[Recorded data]
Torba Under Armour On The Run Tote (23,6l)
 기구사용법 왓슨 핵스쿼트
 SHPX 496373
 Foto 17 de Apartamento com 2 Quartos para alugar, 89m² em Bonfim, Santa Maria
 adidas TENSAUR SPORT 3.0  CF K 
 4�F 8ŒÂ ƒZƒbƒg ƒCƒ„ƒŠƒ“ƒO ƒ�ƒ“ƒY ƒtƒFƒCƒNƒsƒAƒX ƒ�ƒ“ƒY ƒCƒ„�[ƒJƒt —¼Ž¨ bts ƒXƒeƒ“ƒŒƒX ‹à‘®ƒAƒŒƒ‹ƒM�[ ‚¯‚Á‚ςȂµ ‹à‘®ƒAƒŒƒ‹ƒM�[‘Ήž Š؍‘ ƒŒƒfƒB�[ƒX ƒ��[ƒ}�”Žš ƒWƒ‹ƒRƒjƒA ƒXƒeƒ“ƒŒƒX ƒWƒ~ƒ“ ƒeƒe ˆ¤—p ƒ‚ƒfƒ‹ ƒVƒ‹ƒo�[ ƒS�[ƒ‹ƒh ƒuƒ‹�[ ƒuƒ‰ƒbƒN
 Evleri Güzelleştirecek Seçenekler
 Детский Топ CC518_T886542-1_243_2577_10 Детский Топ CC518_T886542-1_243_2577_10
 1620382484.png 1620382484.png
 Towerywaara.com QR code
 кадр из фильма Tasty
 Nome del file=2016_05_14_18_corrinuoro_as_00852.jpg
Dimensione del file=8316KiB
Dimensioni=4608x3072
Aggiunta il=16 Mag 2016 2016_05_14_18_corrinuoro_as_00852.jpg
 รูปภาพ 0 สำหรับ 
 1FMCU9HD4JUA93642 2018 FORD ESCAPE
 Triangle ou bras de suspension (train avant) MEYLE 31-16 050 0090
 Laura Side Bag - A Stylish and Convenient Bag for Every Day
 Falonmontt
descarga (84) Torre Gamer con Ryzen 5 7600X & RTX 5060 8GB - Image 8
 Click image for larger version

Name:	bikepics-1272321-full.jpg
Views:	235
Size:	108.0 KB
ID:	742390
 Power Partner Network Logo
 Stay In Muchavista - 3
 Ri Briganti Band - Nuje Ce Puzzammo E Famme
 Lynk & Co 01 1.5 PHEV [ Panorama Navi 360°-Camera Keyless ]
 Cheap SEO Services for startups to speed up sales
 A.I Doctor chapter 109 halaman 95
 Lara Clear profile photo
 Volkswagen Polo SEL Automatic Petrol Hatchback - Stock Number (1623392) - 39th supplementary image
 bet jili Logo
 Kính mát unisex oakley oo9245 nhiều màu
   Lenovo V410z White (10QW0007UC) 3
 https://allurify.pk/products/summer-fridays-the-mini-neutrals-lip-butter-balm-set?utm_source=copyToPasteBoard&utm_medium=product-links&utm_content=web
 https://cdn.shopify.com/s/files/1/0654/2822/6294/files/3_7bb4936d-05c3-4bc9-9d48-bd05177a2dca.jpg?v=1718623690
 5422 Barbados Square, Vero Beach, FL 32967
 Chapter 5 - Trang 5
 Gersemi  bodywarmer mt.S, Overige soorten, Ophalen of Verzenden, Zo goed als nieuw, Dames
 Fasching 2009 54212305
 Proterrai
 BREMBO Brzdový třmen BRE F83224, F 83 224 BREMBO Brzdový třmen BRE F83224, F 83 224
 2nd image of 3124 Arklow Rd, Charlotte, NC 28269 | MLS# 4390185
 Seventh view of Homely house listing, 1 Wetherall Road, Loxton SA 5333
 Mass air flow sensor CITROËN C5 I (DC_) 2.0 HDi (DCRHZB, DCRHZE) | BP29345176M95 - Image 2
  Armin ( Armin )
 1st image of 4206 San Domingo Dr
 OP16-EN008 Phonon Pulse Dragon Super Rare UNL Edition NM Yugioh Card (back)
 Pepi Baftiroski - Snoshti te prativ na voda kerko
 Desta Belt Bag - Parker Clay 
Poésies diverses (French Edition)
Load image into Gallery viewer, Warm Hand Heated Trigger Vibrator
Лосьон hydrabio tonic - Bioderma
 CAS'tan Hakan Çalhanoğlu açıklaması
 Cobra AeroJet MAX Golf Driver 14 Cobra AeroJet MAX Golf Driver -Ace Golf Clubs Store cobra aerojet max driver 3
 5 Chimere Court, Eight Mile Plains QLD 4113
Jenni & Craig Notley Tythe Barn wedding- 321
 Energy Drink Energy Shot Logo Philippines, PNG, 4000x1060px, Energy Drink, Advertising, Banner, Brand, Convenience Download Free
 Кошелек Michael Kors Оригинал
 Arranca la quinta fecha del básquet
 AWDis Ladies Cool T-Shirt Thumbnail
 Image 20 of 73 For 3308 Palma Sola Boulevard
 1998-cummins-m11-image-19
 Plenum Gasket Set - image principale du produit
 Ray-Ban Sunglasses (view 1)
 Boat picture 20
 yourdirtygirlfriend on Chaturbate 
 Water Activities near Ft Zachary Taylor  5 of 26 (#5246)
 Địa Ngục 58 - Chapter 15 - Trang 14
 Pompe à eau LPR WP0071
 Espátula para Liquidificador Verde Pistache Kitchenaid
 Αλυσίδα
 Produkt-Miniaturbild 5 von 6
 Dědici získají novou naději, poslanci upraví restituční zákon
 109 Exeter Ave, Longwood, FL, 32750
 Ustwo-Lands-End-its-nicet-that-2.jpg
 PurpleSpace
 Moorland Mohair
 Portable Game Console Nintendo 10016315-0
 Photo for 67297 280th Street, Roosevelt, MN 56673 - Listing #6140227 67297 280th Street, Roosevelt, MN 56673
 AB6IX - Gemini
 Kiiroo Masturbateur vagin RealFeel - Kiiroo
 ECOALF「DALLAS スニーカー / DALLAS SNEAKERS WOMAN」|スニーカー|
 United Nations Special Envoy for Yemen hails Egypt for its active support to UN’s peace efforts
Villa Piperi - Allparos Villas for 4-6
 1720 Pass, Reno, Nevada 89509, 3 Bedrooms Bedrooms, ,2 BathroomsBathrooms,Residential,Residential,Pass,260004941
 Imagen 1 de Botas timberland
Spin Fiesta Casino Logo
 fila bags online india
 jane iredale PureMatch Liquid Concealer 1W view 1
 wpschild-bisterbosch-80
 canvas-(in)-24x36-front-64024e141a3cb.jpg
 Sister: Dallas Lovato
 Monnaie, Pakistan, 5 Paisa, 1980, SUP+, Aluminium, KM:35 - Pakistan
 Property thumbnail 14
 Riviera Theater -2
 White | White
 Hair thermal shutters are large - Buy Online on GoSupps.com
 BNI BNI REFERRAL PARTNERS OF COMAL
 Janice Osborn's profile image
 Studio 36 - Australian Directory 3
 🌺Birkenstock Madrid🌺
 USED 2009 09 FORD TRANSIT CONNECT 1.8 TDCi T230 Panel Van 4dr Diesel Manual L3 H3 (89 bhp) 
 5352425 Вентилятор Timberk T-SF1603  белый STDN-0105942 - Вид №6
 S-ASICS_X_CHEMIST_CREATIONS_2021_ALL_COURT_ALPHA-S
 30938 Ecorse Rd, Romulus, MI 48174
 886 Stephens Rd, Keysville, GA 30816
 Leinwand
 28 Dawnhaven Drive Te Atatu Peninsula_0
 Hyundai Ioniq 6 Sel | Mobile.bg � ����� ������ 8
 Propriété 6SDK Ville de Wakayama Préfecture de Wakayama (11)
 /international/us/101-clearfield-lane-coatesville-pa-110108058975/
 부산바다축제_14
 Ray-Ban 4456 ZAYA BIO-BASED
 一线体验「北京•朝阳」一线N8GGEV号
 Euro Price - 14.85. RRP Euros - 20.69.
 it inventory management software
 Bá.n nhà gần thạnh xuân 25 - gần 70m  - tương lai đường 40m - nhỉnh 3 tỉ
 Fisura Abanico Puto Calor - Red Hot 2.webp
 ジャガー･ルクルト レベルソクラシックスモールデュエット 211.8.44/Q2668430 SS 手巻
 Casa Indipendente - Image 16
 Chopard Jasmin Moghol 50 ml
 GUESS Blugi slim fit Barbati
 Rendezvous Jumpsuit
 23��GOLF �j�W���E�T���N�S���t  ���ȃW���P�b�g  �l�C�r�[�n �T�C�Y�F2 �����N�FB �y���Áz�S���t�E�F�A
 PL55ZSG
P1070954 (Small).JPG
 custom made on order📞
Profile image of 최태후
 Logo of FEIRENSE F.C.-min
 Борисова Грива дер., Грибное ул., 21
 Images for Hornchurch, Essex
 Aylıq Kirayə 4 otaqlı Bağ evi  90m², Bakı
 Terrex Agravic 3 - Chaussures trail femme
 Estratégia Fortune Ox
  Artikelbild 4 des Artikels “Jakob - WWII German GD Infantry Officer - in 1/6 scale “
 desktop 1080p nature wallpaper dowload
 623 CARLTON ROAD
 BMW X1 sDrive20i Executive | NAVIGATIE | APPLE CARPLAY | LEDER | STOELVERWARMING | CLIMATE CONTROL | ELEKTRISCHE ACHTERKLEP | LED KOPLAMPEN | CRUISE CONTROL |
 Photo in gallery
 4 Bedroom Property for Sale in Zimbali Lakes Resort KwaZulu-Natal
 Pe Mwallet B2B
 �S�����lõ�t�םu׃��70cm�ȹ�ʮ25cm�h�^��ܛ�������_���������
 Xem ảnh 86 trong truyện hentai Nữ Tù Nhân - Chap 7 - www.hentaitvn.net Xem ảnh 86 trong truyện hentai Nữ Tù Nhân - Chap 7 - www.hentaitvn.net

* Problem details *
In the entries above, please find the line with "Moorland Mohair" and the line with "canvas-(in)-24x36-front-64024e141a3cb.jpg", then write out exactly those two lines and every line between them, and nothing more.

* Answer to this problem *
 Moorland Mohair
 Portable Game Console Nintendo 10016315-0
 Photo for 67297 280th Street, Roosevelt, MN 56673 - Listing #6140227 67297 280th Street, Roosevelt, MN 56673
 AB6IX - Gemini
 Kiiroo Masturbateur vagin RealFeel - Kiiroo
 ECOALF「DALLAS スニーカー / DALLAS SNEAKERS WOMAN」|スニーカー|
 United Nations Special Envoy for Yemen hails Egypt for its active support to UN’s peace efforts
Villa Piperi - Allparos Villas for 4-6
 1720 Pass, Reno, Nevada 89509, 3 Bedrooms Bedrooms, ,2 BathroomsBathrooms,Residential,Residential,Pass,260004941
 Imagen 1 de Botas timberland
Spin Fiesta Casino Logo
 fila bags online india
 jane iredale PureMatch Liquid Concealer 1W view 1
 wpschild-bisterbosch-80
 canvas-(in)-24x36-front-64024e141a3cb.jpg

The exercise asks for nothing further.